[Your task] Leaving out all pictures, copy the lines below exactly, from the line with "632 Quince St, Duluth, MN" to the last line, both ends included.

[Short web captions]
<<<<

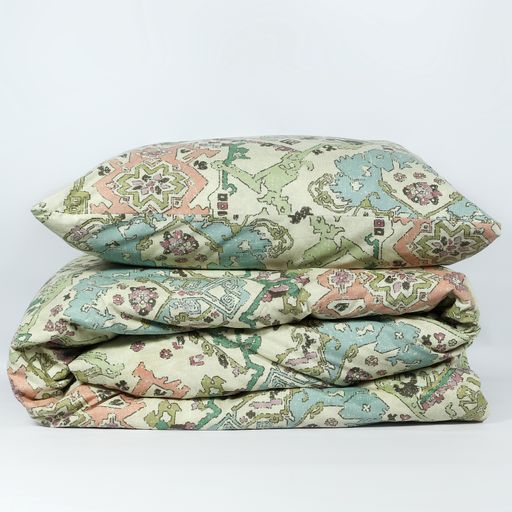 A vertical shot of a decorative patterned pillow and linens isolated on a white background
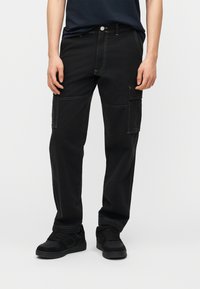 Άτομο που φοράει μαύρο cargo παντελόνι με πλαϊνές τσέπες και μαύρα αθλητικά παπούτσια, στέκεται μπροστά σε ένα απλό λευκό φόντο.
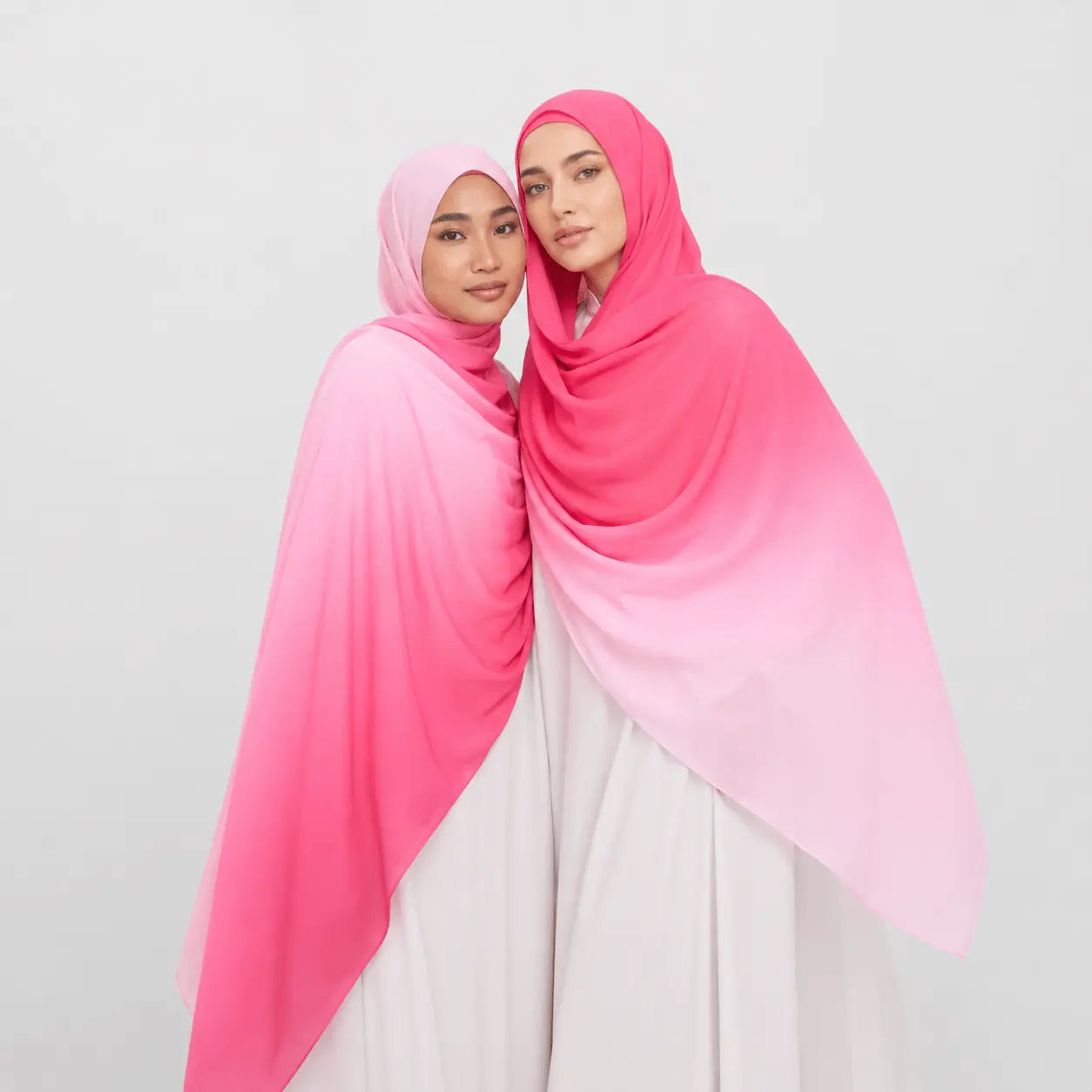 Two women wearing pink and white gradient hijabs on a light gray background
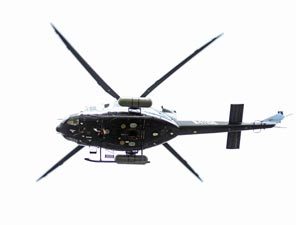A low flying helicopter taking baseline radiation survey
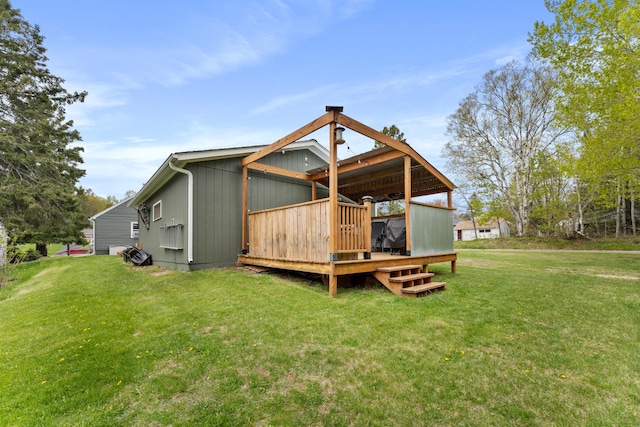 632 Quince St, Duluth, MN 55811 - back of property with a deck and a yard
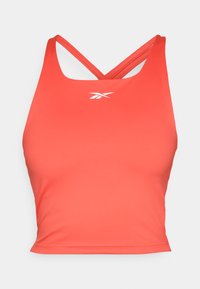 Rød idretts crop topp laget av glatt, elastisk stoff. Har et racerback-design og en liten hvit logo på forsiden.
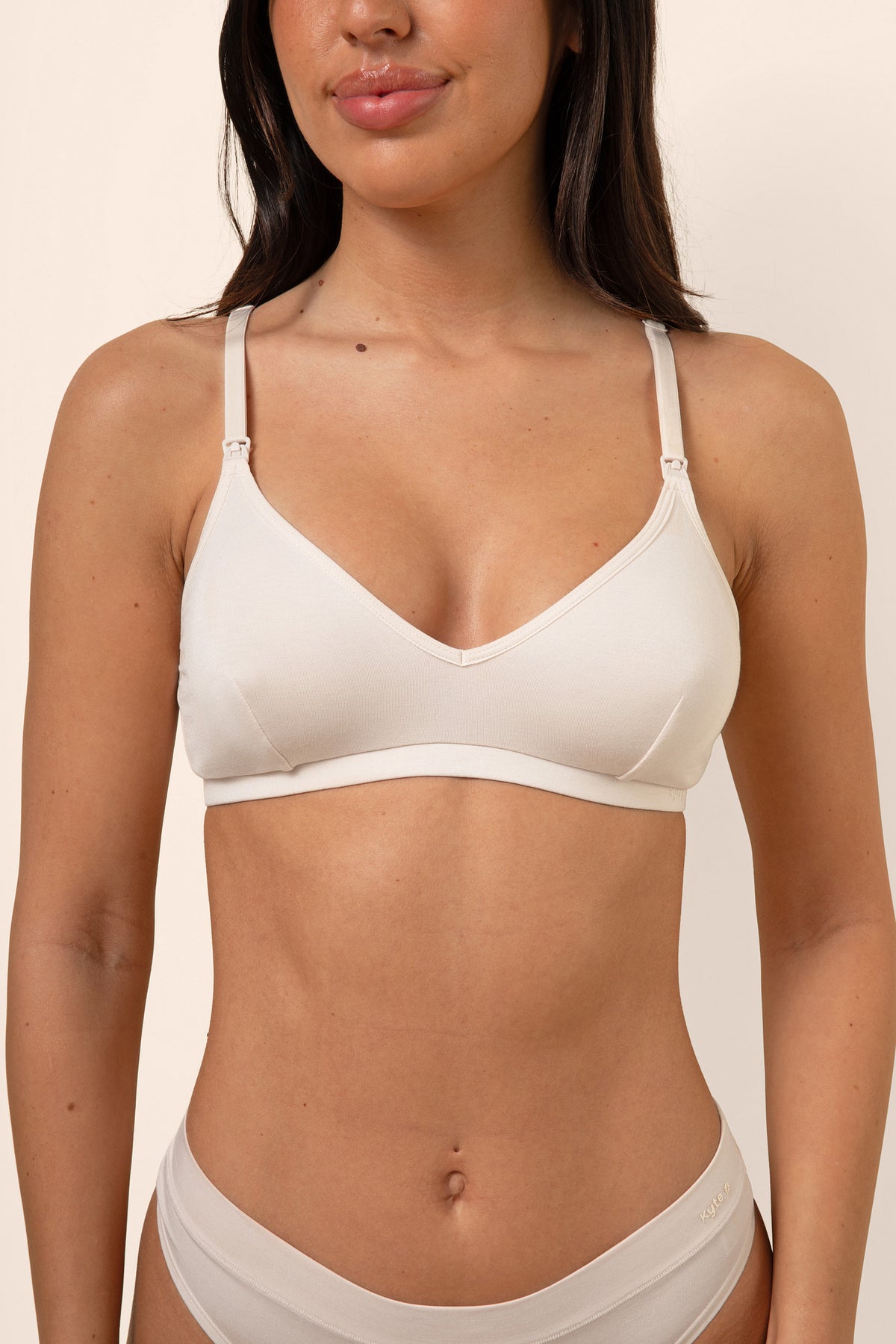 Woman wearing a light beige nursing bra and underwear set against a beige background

>>>>

[Answer to this problem]
 632 Quince St, Duluth, MN 55811 - back of property with a deck and a yard
 Rød idretts crop topp laget av glatt, elastisk stoff. Har et racerback-design og en liten hvit logo på forsiden.
 Woman wearing a light beige nursing bra and underwear set against a beige background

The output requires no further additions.